Forget about place brands, think of place experiences that we can use brand as a lever to pull people together and help connect them.
Andy Hoyne
Brands, Hoyne says, are much more than logos. Rather, they are living, breathing things.
“They need to move. They need to come alive. They need to have a personality.
“So how do you make sure you’re building something that moves, evolves, engages and talks to a multitude of audiences?
“How do you make sure that people who are actually thinking about whether this could be right for them find a hook, a meaning, that touches the way they see their future. “
Don’t even start with authenticity
Another of Hoyn’e pet hates is authenticity.
“You are never, ever allowed to say that you’re authentic, because it instantly means that you’re not. Someone else can say you are, but you can’t say it,” he says.
Place branding is something Greenfield developments do a really bad job of, Hoyne told the conference.
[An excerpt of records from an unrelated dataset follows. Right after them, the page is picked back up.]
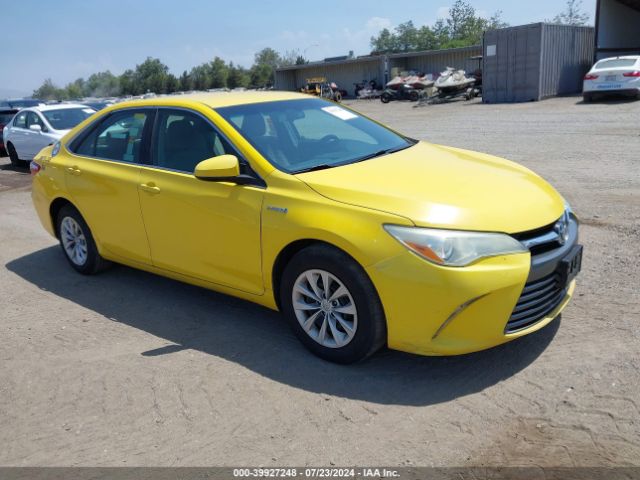 Global Auto Auctions: 2015 TOYOTA CAMRY HYBRID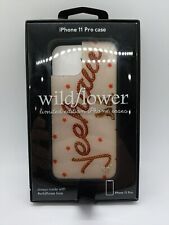 Capas Wildflower edição limitada para Apple iPhone 11 Pro (várias impressões/cores) comprar usado  Enviando para Brazil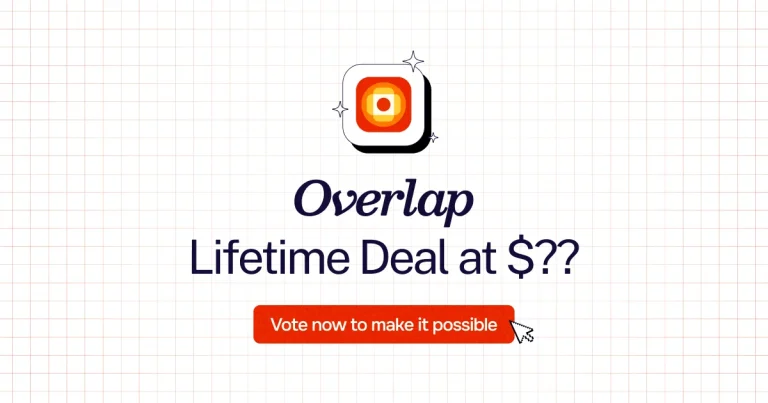 Overlap lifetime deal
Hoyne’s place economy consultancy is currently working on around 10 master plans that he says will see empty paddocks become thriving residential centres in the next ten to 15 years.
These include New Epping on the fringes of Melbourne, which will transform a former 51-hectare quarry and landfill site into a $2 billion mini city and home to 30,000 people.
The generic trap
One of the biggest pitfalls for greensite developments is being too generic, he says.
“To brand a place, you need to understand, how does a community want to see itself, how does it see itself? How can you reflect that back?
“A greenfield place brand, or a greenfield place opportunity, is often literally just a big damn paddock, and it could be a paddock as far as the eye can see.
“So people sort of hang on to these sort of cliches, this idea of happy families. And what does every logo look like? It’s a tree or a leaf. Government does it, and developers do it. We see it everywhere we go.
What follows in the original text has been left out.